WHAT TO WORK ON
Using the data below, restate exactly every line from the one with "犀牛（个人主页-ZNTMxMTY1ODQ=） - 创作习作" up to and including the one with "Fan grabs one-handed". No picture belongs in it.

SUPPLIED MATERIAL
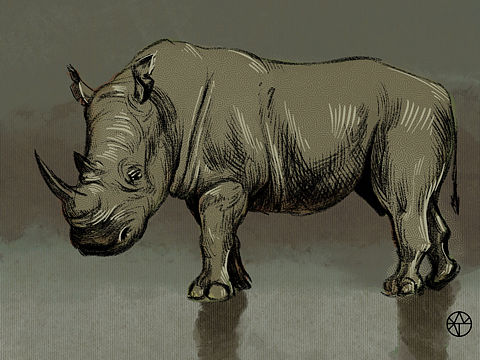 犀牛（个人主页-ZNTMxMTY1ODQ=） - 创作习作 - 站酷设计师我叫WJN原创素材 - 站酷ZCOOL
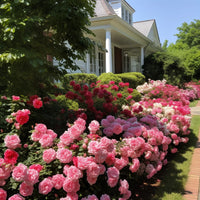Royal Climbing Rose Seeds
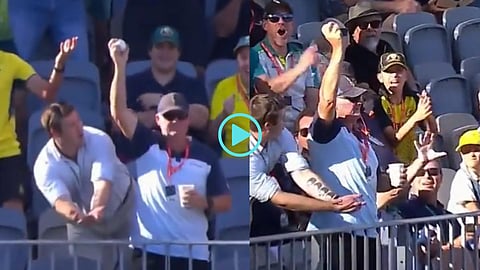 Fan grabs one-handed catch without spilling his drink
==
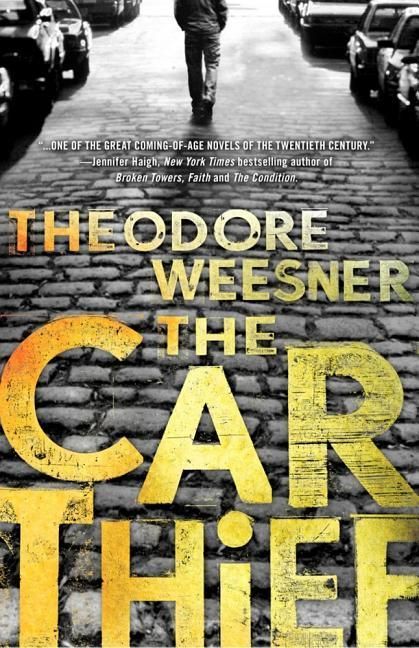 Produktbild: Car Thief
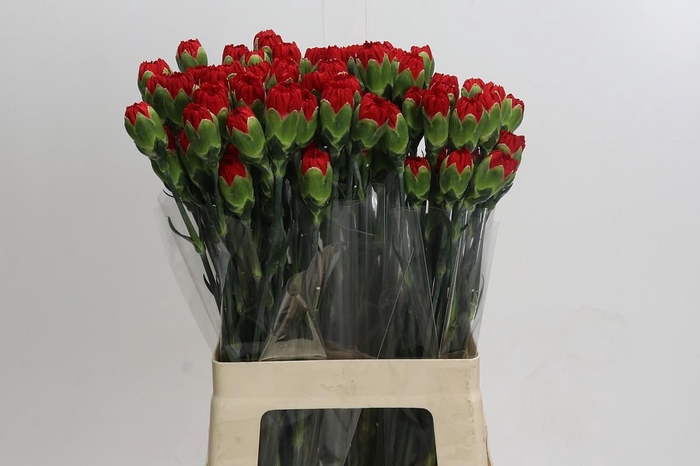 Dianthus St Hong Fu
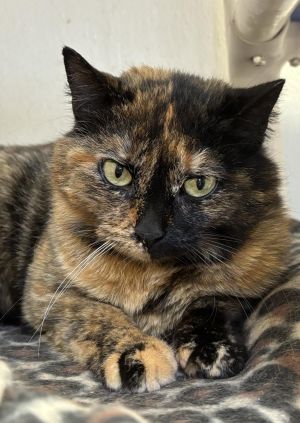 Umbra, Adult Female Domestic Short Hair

RESULT
 犀牛（个人主页-ZNTMxMTY1ODQ=） - 创作习作 - 站酷设计师我叫WJN原创素材 - 站酷ZCOOL
Royal Climbing Rose Seeds
 Fan grabs one-handed catch without spilling his drink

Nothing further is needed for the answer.